We investigated the electronic transport properties of epitaxial SnO2−x thin films on r-plane sapphire substrates. The films were grown by pulsed laser deposition technique and its epitaxial growth direction was [101] and the in-plane alignment was of SnO2−x [010]//Al2O3[12̄10]. When the SnO2−x films were grown in the oxygen pressure of 30 mTorr, we have found the electron mobility of the 30 nm thick SnO2−x thin films strongly dependent on the thicknesses of the fully oxidized insulating SnO2 buffer layer. When the buffer layer thickness increased from 100 nm to 700 nm, the electron mobility of values increased from 23 cm2 V−1 s−1 to 106 cm2 V−1 s−1 and the carrier density increased from 9 × 1017 cm−3 to 3 × 1018 cm−3, which we attribute to reduction of large density of dislocations as the buffer layer thickness increases.
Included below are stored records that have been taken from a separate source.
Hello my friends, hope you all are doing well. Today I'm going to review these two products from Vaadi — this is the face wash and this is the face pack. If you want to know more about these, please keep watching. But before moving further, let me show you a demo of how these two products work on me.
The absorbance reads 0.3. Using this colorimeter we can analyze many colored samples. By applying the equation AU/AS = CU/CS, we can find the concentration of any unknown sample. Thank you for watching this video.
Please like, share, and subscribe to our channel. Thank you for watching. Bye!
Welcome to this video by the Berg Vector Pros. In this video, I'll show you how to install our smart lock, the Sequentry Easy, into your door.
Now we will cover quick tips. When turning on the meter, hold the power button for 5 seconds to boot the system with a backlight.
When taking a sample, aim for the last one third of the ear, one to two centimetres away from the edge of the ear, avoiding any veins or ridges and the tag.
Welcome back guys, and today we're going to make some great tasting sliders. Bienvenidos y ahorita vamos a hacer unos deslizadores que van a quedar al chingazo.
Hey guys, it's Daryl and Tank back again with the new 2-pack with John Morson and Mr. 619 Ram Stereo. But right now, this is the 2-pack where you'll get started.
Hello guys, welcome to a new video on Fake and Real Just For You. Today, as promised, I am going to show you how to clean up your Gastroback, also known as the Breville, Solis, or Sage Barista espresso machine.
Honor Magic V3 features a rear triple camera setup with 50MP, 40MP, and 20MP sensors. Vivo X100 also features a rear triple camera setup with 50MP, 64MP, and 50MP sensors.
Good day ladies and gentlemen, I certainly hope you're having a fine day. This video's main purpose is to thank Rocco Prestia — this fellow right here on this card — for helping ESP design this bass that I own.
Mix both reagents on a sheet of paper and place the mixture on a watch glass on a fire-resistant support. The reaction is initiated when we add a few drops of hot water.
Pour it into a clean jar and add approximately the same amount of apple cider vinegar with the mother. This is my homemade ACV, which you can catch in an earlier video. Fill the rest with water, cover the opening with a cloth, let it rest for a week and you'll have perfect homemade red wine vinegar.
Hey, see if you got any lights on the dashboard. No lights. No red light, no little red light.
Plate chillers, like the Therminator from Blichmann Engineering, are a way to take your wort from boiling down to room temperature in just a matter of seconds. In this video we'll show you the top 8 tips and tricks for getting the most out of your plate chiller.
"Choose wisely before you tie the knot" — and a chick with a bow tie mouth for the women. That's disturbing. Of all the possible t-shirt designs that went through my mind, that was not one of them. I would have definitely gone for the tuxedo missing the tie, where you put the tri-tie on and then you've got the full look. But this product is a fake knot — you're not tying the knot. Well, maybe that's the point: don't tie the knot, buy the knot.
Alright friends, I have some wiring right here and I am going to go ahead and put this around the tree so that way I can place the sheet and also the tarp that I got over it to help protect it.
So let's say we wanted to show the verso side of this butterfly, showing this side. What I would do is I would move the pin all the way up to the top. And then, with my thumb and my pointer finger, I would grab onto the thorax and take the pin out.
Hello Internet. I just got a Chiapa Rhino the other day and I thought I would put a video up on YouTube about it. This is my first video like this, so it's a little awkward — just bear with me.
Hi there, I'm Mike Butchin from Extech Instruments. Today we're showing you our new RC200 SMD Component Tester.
In addition, we studied the doping dependence of the electron mobility of SnO2−x thin films grown on top of 500 nm thick insulating SnO2 buffer layers. The oxygen vacancy doping level was controlled by the oxygen pressure during deposition. As the oxygen pressure increased to 47.5 mTorr, the carrier density was found to decrease to 9.1 × 1016 cm−3 and the electron mobility values to 13 cm2 V−1 s−1, which is consistent with the dislocation limited transport properties. We also checked the conductance change of the SnO2−x during thermal annealing cycles, demonstrating unusual stability of its oxygen. The correlation between the electronic transport properties and microstructural defects investigated by the transmission electron microscopy was drawn. The excellent oxygen stability and high electron mobility of low carrier density SnO2−x films demonstrate its potential as a transparent oxide semiconductor.